Group Material, Aids Timeline

University Art Museum

In AIDS Timeline, 1989, the artists’ collective Group Material helped to clarify what Paula A. Treichler has called elsewhere “an epidemiology of signification.” Here were itemized samplings from the convergent swirls of nomenclature, image management, political ur-texts, and sheer numbers that continue to make a mess of people’s perceptions of the AIDS crisis. About AIDS there can be no dispassionate informants. An artistic attitude, such as Group Material made operative in its installation, can take up accretions of topical data and straighten them out—handily, pointedly, albeit provisionally.
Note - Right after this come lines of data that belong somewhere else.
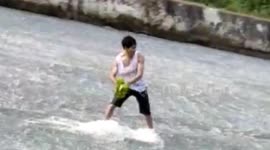 The Water Dam Becomes a Slides Tourist Attraction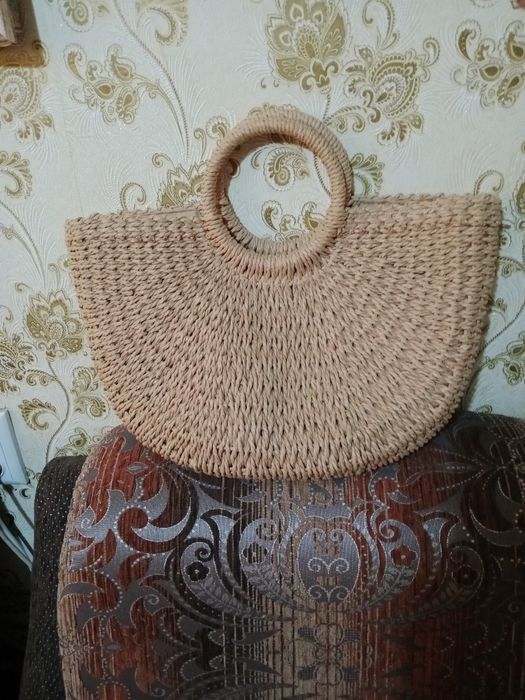 Продается летняя сумочка,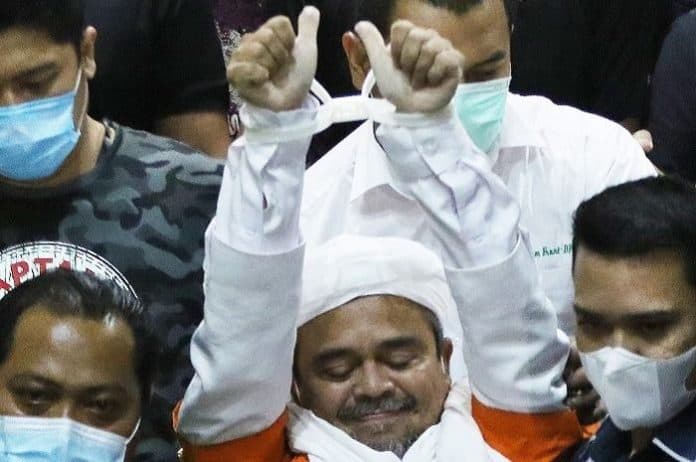 resmi_ditahan_polisi_tegaskan_tidak_ada_perlakukan_istimewa_bagi_habib_rizieq_shihab
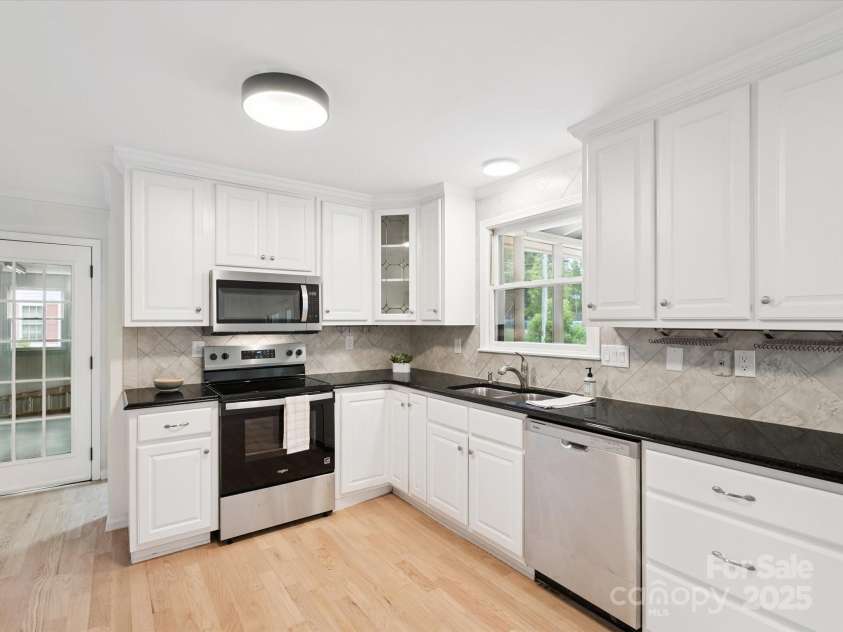 10728 Forest Drive, Matthews, NC 28105.  MLS# CAR4271015, YatesRealty ID 29307. 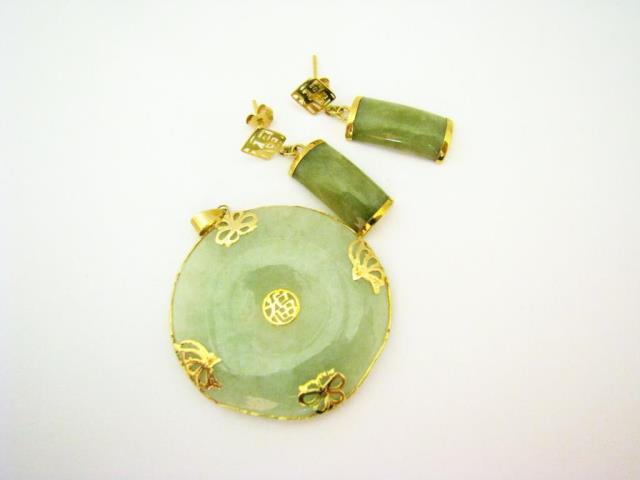 Appraisal: A K yellow gold round jade pendant and pair of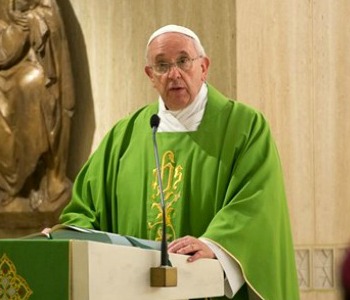 Papa Francesco durante l'omelia del mattino a Casa Santa Marta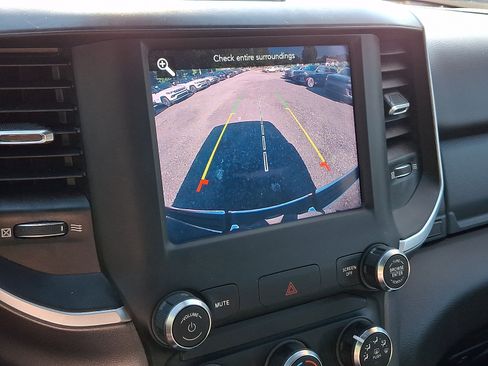 Used 2021 RAM 1500 Big Horn AWD/4WD image 16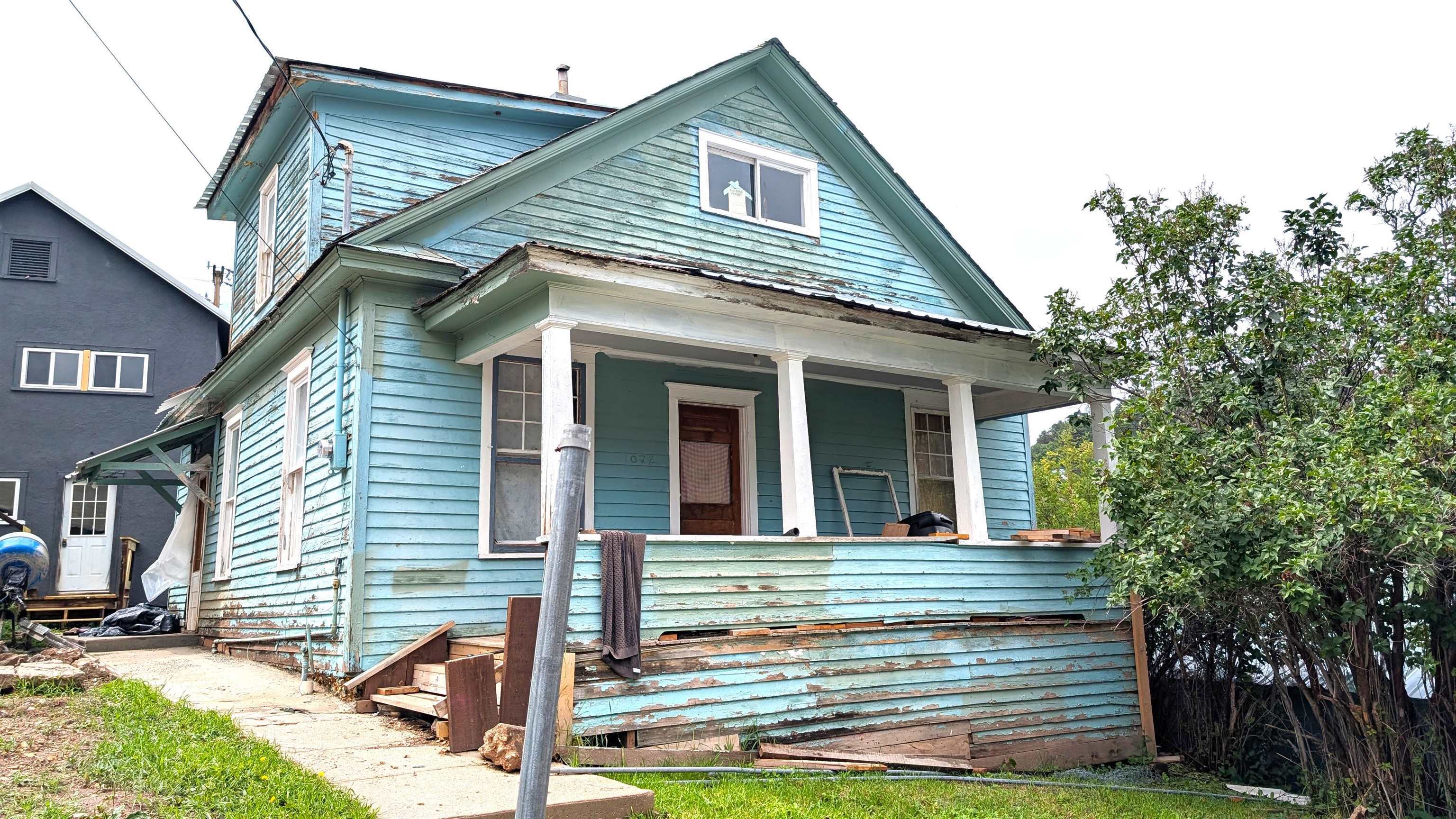 Property Photo: 107 1/2 Spark Street SD 57754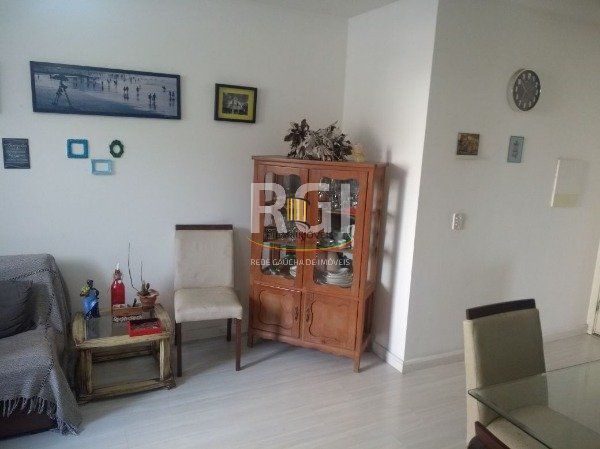 Apartamento em Porto Alegre, no bairro Sarandi, com 3 dormitório(s), e 3 banheir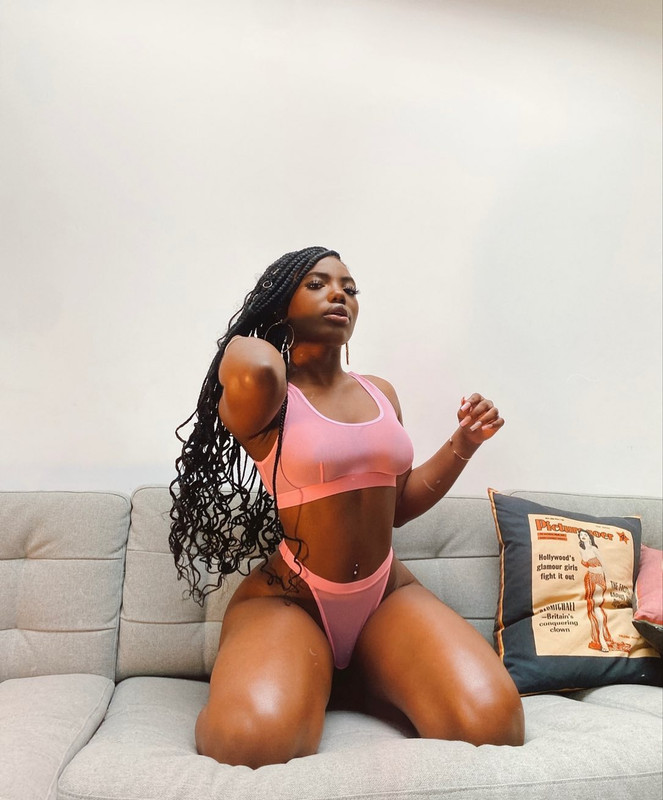 melaxgoddess posts 2021-05-13 15.51 CO1J-taMBJU_1_1 185090165_2965092737081394_3116597327115196533_n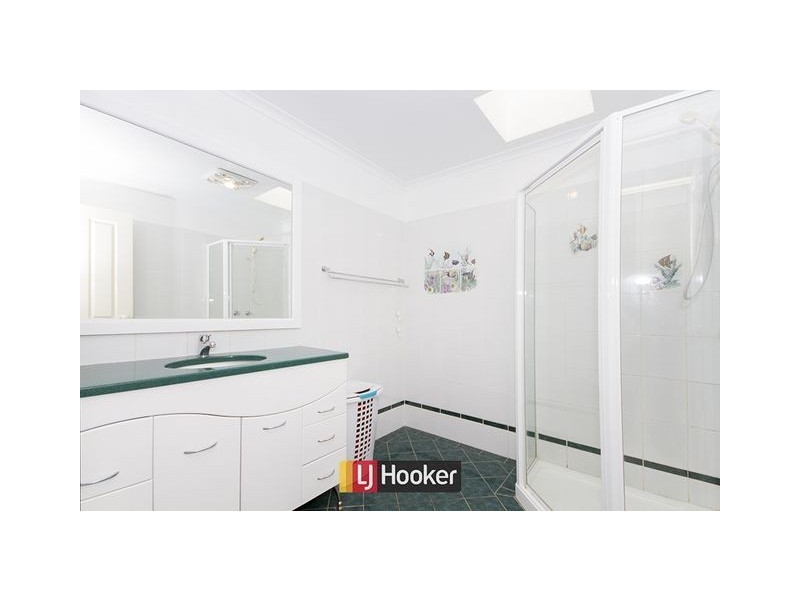 5 Hooke Place, Charnwood ACT 2615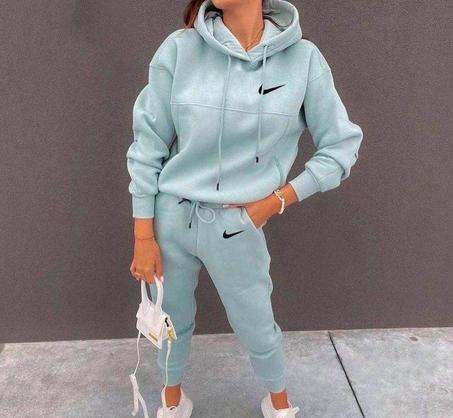 ترنج Nike حريمي شتوي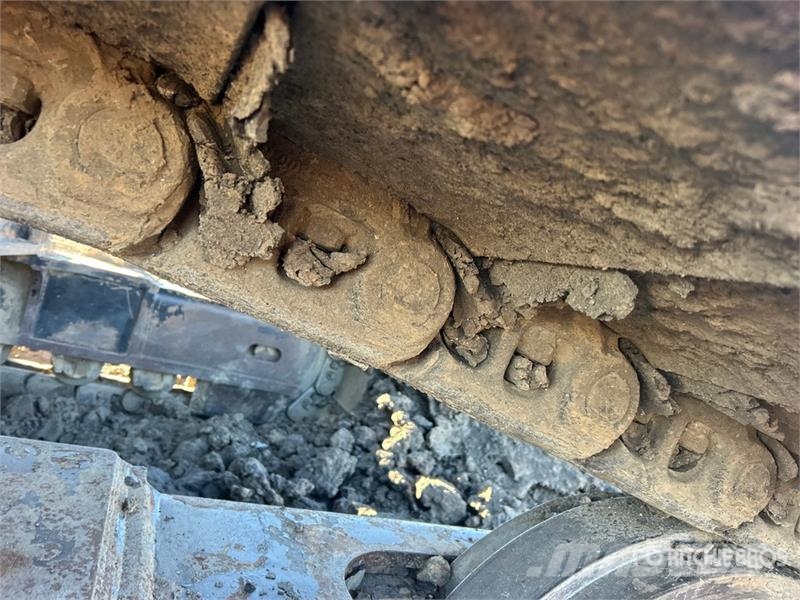 John Deere 870 P-Tier Vikšriniai ekskavatoriai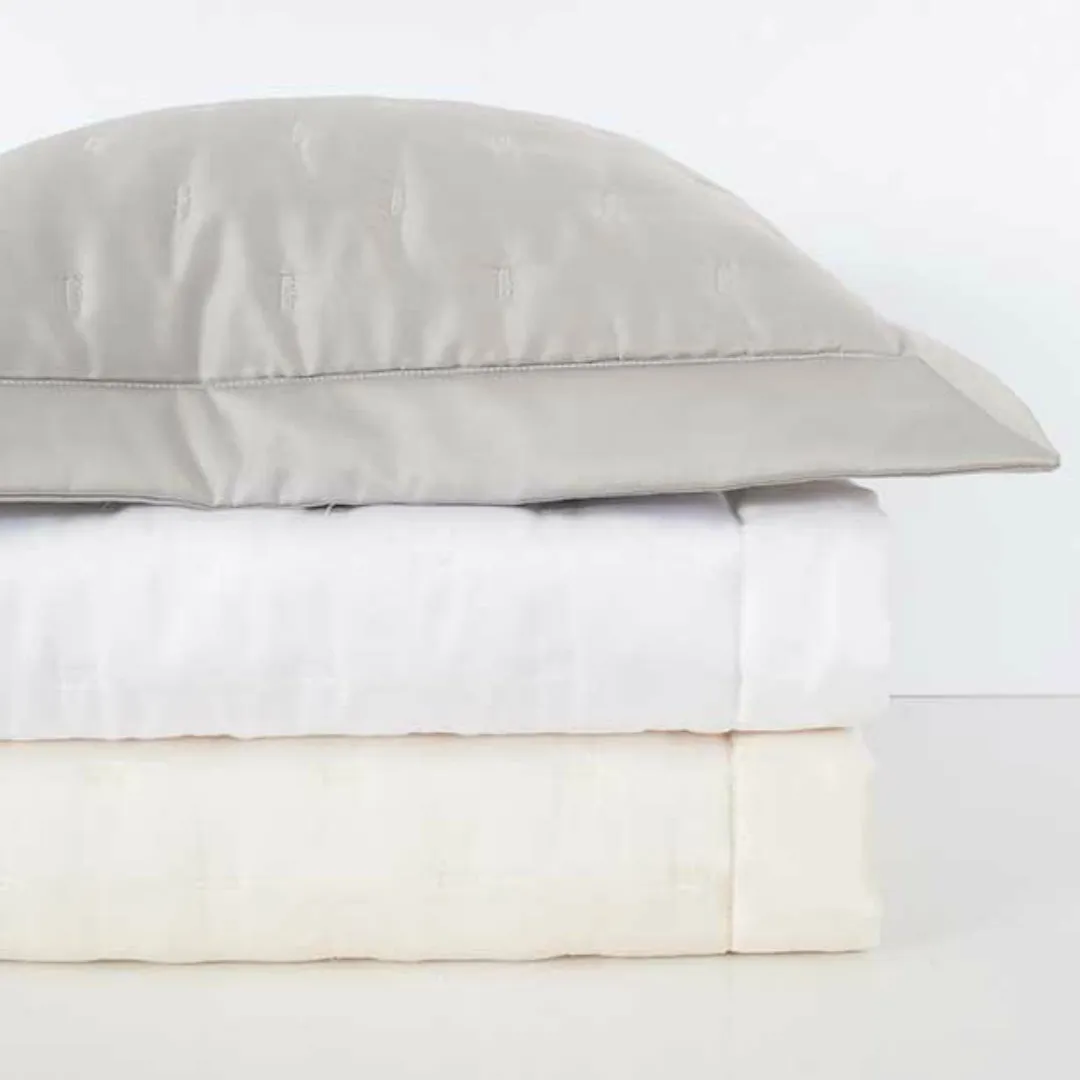 Fil Coupé Quilted Coverlets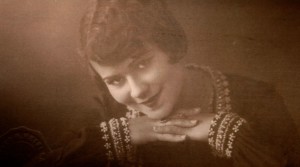 Aracy Moebius de Carvalho é homenageada (Foto: Divulgação/Band)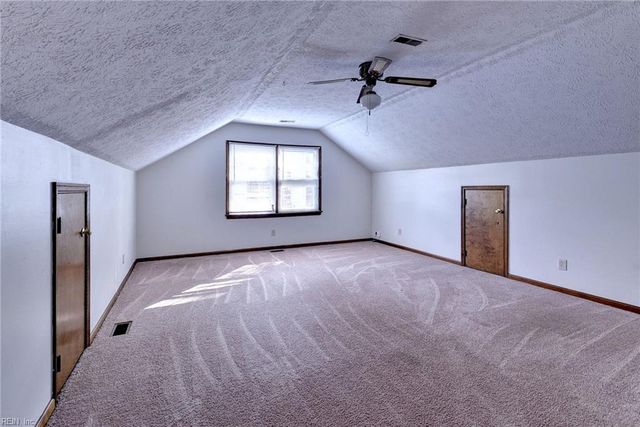 202 Admiral CT, Hampton, VA 23669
Group members Julie Ault, Doug Ashford, Felix Gonzalez-Torres, and Karen Ramspacher accomplished their mission by way of a tidy curatorial syntax. A thick, black, waist-high band sweeping along the gallery walls was accented by perpendicular date markers for the decade beginning 1979—the year that American doctors began to notice a marked increase in “immunologically unusual patients” (12 new cases, 11 deaths), and coincidentally the year that Group Material came together Above and below the band, they aligned images, objects, and wall texts—altogether about a hundred items, including annual tabulations of recorded cases and deaths, paintings, photographs, magazine tear sheets, posters, leaflets, a computer terminal (with Michael Tidmus’ AIDS data base accessible), comparisons of public-health budgets with military spending, a pair of yellow rubber gloves like those the police in various cities have worn to arrest AIDS demonstrators, and brightly colored masks made in art therapy sessions. Just above the baseboards ran Steven Evans’ Selections from the Disco, Various BPM, 1979–1989, 19890—bumper-sticker-like, pink-and-blue wall renderings of song titles, from “Got To Be Real” to “Never Can Say Goodbye.” Across the room, under Group Material’s and John Lindell’s official-looking bus banner reading “All People With AIDS Are Innocent,” you could sit and watch a deliberate mix of rough-cut video documentaries of street demonstrations, educational programs, and art tapes.

In such a context, what is or isn’t a certifiable artwork scarcely matters. Information and attitude matter, as does the will to provoke connections without over-explaining. At the end of the show, Robert Beck’s Safer Sex Preview Booth, 1989, with its three-channel, optional views of gay, lesbian, and straight porn films, had a witty enclosure, like a phone booth with a dusky hard-edge paint job. But it was the time line’s general graphic efficacy that counted. Most AIDS-active art seeks a quick sting, through a neighborhoodly adroitness of design; the genre is streetwise, low-tech halftone, guerrilla-wheatpaste. Right off, you could see how tyrannical the time line band was meant to feel—time waits for no culture to mend its inequities, it seemed to say—but only cumulatively did the surfeit of almost totally rectilinear information register as oppressive in itself In Michael Jenkins’ American-flag painting June 30, 1986, 1988, the compact,supposedly utilitarian rectangle was finally blown-up, broken, and literally voided. Jenkins stripped the flag down to nine stripes and a blank where the field of stars would be, to impugn the Supreme Court’s upholding of Georgia’s sodomy laws.

Arranging its display with pushpins, tape, and paste, Group Material maintained a rudimentary classroom history-project look so as to be campus-specific. In that regard, however, the installation inside the Recreational Sports Facility of a video monitor with continuous shows of agitprop tapes was more to the point—as, too, was the “Democracy Wall” of ten blue-and-gold panels on the museum facade with quotes from on-site respondents who were asked “How does AIDS affect you and your lifestyle?” or “How do you see the future in terms of AIDS?” The printed answers sufficed to indicate the urgency of intellectual effort the time line represents: at one end, the mindsplitting ignorance implied by one student’s assertion, “AIDS doesn’t affect me at all. I don’t really sleep around”; at the other, the well-rehearsed clarity of a Student Health Services worker who said, “To fight and overcome AIDS we need compassion, sensitivity, anger, helping hands, vision.”